*TASK DESCRIPTION*
Within the material below, locate the line with "Luxury Inn and Suites" and the line with "Image 2 of 28 For 831 Ofanto Way", then return those two lines and all lines between them, exactly as written.
━━ THE DATA ━━
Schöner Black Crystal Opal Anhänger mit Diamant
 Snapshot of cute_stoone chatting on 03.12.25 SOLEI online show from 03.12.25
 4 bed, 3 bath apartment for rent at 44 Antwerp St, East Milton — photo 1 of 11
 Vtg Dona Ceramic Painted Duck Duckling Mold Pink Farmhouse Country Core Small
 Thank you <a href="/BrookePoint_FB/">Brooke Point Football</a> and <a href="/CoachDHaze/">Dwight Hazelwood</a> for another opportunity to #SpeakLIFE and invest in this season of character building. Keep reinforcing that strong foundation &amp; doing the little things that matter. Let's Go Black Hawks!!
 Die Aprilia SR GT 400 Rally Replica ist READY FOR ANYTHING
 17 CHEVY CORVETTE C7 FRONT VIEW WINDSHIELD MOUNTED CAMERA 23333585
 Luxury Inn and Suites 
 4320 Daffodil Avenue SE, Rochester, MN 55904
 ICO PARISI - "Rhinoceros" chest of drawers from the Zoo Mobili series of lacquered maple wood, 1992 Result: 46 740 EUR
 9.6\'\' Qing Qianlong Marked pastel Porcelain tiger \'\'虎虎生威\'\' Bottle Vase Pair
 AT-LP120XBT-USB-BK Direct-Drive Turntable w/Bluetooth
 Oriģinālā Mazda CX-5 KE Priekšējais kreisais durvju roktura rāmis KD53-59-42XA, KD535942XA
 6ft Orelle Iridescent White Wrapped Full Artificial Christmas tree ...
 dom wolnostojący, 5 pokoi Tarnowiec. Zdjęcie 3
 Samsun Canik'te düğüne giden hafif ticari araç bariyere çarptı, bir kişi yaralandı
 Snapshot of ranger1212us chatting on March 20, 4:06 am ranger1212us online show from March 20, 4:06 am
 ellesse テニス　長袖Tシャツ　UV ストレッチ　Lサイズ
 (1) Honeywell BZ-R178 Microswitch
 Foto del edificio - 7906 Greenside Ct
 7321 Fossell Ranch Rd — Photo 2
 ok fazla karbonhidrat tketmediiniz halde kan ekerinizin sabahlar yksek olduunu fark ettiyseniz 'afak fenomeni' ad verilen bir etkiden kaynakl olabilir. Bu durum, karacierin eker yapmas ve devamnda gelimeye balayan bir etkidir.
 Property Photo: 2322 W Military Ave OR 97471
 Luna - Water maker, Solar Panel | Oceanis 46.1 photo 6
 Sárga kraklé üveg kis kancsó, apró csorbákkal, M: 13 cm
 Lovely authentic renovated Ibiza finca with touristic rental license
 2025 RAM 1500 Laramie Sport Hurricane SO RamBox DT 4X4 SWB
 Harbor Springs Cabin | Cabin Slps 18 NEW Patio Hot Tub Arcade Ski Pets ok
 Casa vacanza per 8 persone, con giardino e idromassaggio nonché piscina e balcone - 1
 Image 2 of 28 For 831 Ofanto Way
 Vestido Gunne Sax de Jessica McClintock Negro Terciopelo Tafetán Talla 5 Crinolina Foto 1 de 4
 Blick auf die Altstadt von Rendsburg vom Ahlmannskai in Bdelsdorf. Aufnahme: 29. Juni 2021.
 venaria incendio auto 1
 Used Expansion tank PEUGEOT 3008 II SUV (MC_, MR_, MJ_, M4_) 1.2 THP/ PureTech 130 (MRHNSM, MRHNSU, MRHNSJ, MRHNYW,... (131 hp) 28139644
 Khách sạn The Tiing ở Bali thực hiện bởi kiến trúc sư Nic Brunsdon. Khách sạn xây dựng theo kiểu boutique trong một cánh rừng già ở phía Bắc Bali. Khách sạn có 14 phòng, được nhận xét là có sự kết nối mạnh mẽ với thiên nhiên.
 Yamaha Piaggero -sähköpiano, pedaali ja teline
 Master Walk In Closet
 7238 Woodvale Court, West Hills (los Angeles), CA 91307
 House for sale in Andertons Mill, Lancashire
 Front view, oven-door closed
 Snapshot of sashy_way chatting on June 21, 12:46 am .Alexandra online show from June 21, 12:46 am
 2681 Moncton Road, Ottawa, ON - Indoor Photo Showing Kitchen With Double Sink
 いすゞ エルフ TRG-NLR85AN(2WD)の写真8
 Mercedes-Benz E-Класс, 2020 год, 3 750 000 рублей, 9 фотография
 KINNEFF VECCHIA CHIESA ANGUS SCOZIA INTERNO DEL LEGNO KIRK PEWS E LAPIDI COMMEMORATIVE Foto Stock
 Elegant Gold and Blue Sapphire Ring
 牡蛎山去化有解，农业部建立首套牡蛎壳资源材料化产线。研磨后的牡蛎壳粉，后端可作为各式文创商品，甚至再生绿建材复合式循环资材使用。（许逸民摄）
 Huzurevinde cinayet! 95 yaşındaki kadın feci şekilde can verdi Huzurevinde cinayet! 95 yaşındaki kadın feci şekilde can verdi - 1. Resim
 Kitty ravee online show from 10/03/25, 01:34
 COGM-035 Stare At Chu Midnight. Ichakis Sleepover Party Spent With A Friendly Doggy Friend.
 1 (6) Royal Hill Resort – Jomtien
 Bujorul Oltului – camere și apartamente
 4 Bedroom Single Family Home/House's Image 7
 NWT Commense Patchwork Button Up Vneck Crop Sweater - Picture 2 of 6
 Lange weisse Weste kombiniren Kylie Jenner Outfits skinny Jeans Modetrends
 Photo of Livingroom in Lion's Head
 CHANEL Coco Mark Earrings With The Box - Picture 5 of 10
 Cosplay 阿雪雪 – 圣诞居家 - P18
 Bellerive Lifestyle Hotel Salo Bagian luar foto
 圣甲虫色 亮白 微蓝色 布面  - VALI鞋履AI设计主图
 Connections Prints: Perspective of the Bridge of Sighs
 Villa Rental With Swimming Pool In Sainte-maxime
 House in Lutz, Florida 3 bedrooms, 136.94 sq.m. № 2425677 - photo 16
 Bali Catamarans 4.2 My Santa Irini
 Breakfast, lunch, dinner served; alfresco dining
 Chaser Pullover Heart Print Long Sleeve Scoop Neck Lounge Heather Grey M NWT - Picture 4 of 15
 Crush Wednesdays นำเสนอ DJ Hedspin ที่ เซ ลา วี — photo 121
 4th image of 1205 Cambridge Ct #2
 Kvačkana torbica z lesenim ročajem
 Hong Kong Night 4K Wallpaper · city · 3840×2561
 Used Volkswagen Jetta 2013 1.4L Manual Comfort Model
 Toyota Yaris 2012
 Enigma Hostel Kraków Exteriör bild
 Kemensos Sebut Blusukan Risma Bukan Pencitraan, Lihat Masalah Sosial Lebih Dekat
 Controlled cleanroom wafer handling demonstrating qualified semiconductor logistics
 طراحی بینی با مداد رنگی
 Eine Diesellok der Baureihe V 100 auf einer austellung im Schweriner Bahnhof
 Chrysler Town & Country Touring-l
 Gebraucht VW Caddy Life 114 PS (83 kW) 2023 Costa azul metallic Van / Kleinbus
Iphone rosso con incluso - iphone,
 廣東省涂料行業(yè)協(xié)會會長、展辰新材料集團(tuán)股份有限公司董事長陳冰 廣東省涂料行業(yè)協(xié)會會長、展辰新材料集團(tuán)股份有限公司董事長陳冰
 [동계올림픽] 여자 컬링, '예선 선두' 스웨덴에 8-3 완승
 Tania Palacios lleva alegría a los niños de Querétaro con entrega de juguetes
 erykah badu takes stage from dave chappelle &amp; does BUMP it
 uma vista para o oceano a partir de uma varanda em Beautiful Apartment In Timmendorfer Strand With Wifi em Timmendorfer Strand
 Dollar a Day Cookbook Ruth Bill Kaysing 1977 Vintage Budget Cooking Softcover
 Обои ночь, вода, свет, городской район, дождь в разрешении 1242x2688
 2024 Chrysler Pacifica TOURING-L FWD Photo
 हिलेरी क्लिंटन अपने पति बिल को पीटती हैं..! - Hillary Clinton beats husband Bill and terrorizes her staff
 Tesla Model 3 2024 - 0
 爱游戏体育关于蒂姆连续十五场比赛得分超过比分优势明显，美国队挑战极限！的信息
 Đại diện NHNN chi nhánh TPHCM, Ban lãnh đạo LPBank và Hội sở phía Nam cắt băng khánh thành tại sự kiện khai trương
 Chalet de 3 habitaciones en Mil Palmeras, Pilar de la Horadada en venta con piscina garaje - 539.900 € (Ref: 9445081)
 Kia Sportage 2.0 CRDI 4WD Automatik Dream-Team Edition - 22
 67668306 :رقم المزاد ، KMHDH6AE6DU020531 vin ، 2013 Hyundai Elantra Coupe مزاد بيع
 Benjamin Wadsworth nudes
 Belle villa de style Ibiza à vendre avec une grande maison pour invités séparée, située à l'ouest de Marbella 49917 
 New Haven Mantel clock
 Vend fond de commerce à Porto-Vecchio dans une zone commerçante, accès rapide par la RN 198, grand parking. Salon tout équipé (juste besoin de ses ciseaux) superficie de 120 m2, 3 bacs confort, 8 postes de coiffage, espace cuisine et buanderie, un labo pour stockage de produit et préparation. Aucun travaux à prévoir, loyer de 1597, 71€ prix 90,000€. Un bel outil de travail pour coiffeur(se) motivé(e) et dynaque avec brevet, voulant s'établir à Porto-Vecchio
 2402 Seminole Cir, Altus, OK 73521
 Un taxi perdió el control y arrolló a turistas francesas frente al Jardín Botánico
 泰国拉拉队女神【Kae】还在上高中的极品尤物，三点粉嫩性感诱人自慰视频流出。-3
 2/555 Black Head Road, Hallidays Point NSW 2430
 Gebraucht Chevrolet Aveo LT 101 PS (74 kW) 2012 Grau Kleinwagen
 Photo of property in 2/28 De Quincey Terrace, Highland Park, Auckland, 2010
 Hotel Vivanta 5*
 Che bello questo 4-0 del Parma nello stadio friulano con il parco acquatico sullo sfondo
━━━
*REPLY TO THE EXERCISE*
 Luxury Inn and Suites 
 4320 Daffodil Avenue SE, Rochester, MN 55904
 ICO PARISI - "Rhinoceros" chest of drawers from the Zoo Mobili series of lacquered maple wood, 1992 Result: 46 740 EUR
 9.6\'\' Qing Qianlong Marked pastel Porcelain tiger \'\'虎虎生威\'\' Bottle Vase Pair
 AT-LP120XBT-USB-BK Direct-Drive Turntable w/Bluetooth
 Oriģinālā Mazda CX-5 KE Priekšējais kreisais durvju roktura rāmis KD53-59-42XA, KD535942XA
 6ft Orelle Iridescent White Wrapped Full Artificial Christmas tree ...
 dom wolnostojący, 5 pokoi Tarnowiec. Zdjęcie 3
 Samsun Canik'te düğüne giden hafif ticari araç bariyere çarptı, bir kişi yaralandı
 Snapshot of ranger1212us chatting on March 20, 4:06 am ranger1212us online show from March 20, 4:06 am
 ellesse テニス　長袖Tシャツ　UV ストレッチ　Lサイズ
 (1) Honeywell BZ-R178 Microswitch
 Foto del edificio - 7906 Greenside Ct
 7321 Fossell Ranch Rd — Photo 2
 ok fazla karbonhidrat tketmediiniz halde kan ekerinizin sabahlar yksek olduunu fark ettiyseniz 'afak fenomeni' ad verilen bir etkiden kaynakl olabilir. Bu durum, karacierin eker yapmas ve devamnda gelimeye balayan bir etkidir.
 Property Photo: 2322 W Military Ave OR 97471
 Luna - Water maker, Solar Panel | Oceanis 46.1 photo 6
 Sárga kraklé üveg kis kancsó, apró csorbákkal, M: 13 cm
 Lovely authentic renovated Ibiza finca with touristic rental license
 2025 RAM 1500 Laramie Sport Hurricane SO RamBox DT 4X4 SWB
 Harbor Springs Cabin | Cabin Slps 18 NEW Patio Hot Tub Arcade Ski Pets ok
 Casa vacanza per 8 persone, con giardino e idromassaggio nonché piscina e balcone - 1
 Image 2 of 28 For 831 Ofanto Way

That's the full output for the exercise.